Alexa

National Day celebrations still on track

National Day celebrations still on track

There is no truth to a newspaper report that President Chen Shui-bian (陳水扁) had asked his aides to convey a request to Legislative Speaker Wang Jin-pyng (王金平) last week to cancel the upcoming Double Tenth National Day celebrations in consideration of a scheduled protest by his opponents, the Presidential Office said yesterday.
Presidential Office spokesman David Lee said that a meeting between the president's top aide and Wang last week was aimed at deciding whether National Day celebrations would take place as scheduled, and that the aide had not received any instructions from Chen on the matter before the meeting, as the China Times reported.
"The main purpose of Chen's meeting with Wang last week was to figure out whether National Day cerebrations would take place as scheduled," Lee told reporters.
Presidential Secretary General Mark Chen (陳唐山) merely asked Wang, who heads the National Day celebrations committee, to carefully consider the nation's image and make sure it would not be tarnished, Lee said.
Awkward position?
According to the China Times report, Wang was placed in an awkward position because of Chen's request to call off the celebrations in view of plans by former Democratic Progressive Party Chairman Shih Ming-teh (施明德) to lead thousands of protesters to surround the Presidential Office on October 10.
The report claimed that Chen was deeply worried that the demonstration would get of hand and violence would break out.
But Lee reiterated that President Chen did not propose via his aide or DPP chairman Yu shui-kun that the celebrations should be canceled.
"The Presidential Office will respect Wang and his committee's opinions on the matter," Lee said.
The news report claimed that Wang was in a dilemma not only because of President Chen's proposition, but also because of a similar view expressed by former Kuomintang Chairman Lien Chan (連?) during a meeting between Lien and Wang last Wednesday.
Last Thursday Wang said that he had visited Lien the day before to seek his opinion on the issue.
"Lien and I agreed that we should happily celebrate National Day and that those who want to express their personal opposition to the president can speak up in public after the celebrations," Wang said Thursday.
The legislative speaker also met with officials from national security, the police and intelligence that same day to get their assessment of the situation.

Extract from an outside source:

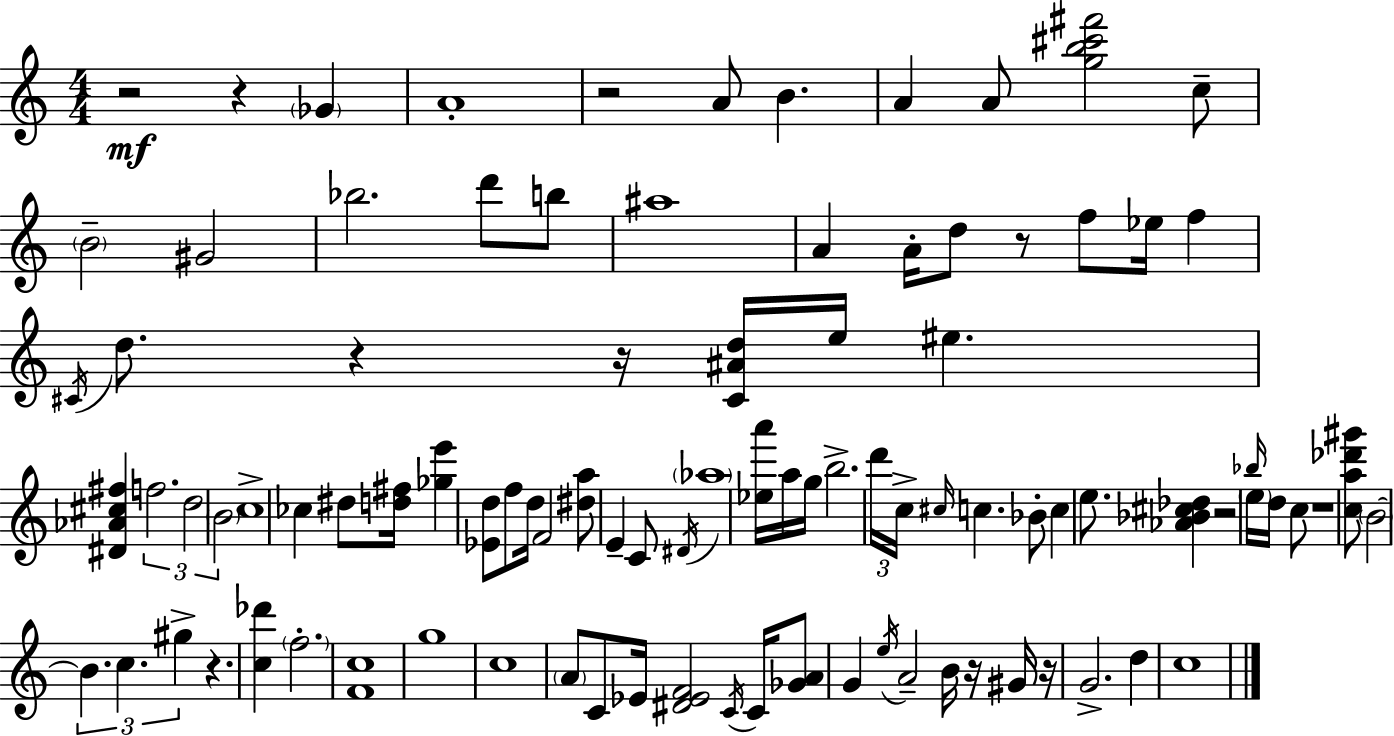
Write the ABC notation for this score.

Wang said that the officials advised him to call off the celebrations, but the preparatory committee decided to proceed as in previous years after Shih's campaign assured him that protesters would not interrupt the ceremony, even though they have vowed to surround the Presidential Office so that Chen could "go nowhere" on National Day.

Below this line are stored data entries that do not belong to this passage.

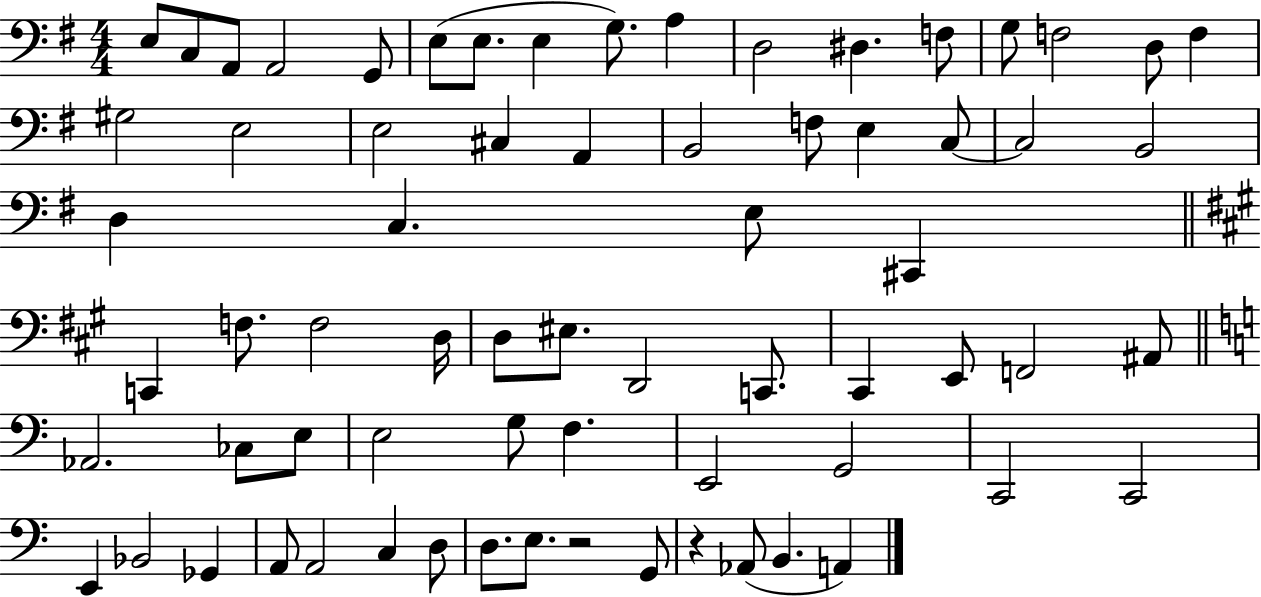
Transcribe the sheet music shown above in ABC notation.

X:1
T:Untitled
M:4/4
L:1/4
K:G
E,/2 C,/2 A,,/2 A,,2 G,,/2 E,/2 E,/2 E, G,/2 A, D,2 ^D, F,/2 G,/2 F,2 D,/2 F, ^G,2 E,2 E,2 ^C, A,, B,,2 F,/2 E, C,/2 C,2 B,,2 D, C, E,/2 ^C,, C,, F,/2 F,2 D,/4 D,/2 ^E,/2 D,,2 C,,/2 ^C,, E,,/2 F,,2 ^A,,/2 _A,,2 _C,/2 E,/2 E,2 G,/2 F, E,,2 G,,2 C,,2 C,,2 E,, _B,,2 _G,, A,,/2 A,,2 C, D,/2 D,/2 E,/2 z2 G,,/2 z _A,,/2 B,, A,,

Yesterday, Wang dismissed the China Times report, saying that "there is no dilemma. I am doing what I must do."
He said his basic stance on the matter is that the celebrations should only be called off as a last resort.
He did, however, give a reminder that it is his committee and the police department's duty to ensure that the National Day celebrations are a success.
"Everyone is responsible for making the ceremony successful and safe," Wang said.